The greatest mistake of the Obama Administration has been a futile and misguided attempt to continue these policies, rather than reorient the economy toward a more sustainable and more just future.

In terms of homeownership policy, the right move is neither to try to reinflate the housing bubble nor to foreclose people out of their homes, but to move people from ownership of a home they will never be able to pay for to renting said home at lower, more sustainable rates. This will in turn drive home prices lower (which is where they need to go), while allowing people to escape their location trap homes in pursuit of employment opportunities.

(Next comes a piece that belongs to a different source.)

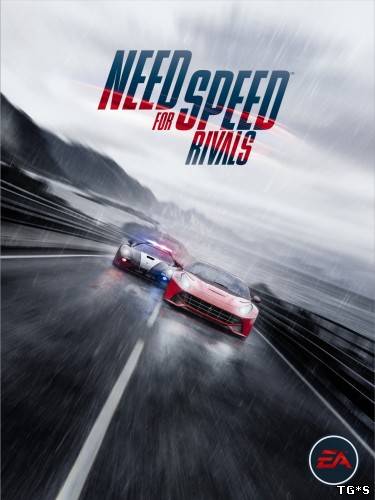 Need for Speed: Rivals DELUXE EDITION (2013/PC/Eng) by tg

Lower home prices with more difficult-to-acquire loans will in turn attract responsible buyers still currently priced out of the market, which will in turn help reinvigorate the economy over time.

Like the case of people holding onto jobs they don't want in order to continue to have private health insurance, this is another instance where "ownership society" market policy actually creates economic inefficiencies so profound that they seriously impact the real freedom of consumers and wage-earners.

The only people who are more "free" under our current laissez-faire market-driven policies are the executives of lending institutions and health insurance companies. Everyone else is trapped in jobs they don't want and houses they can't move out of, while the blowhards on Fox News accuse anyone who tries to liberate these people as enemies of "freedom."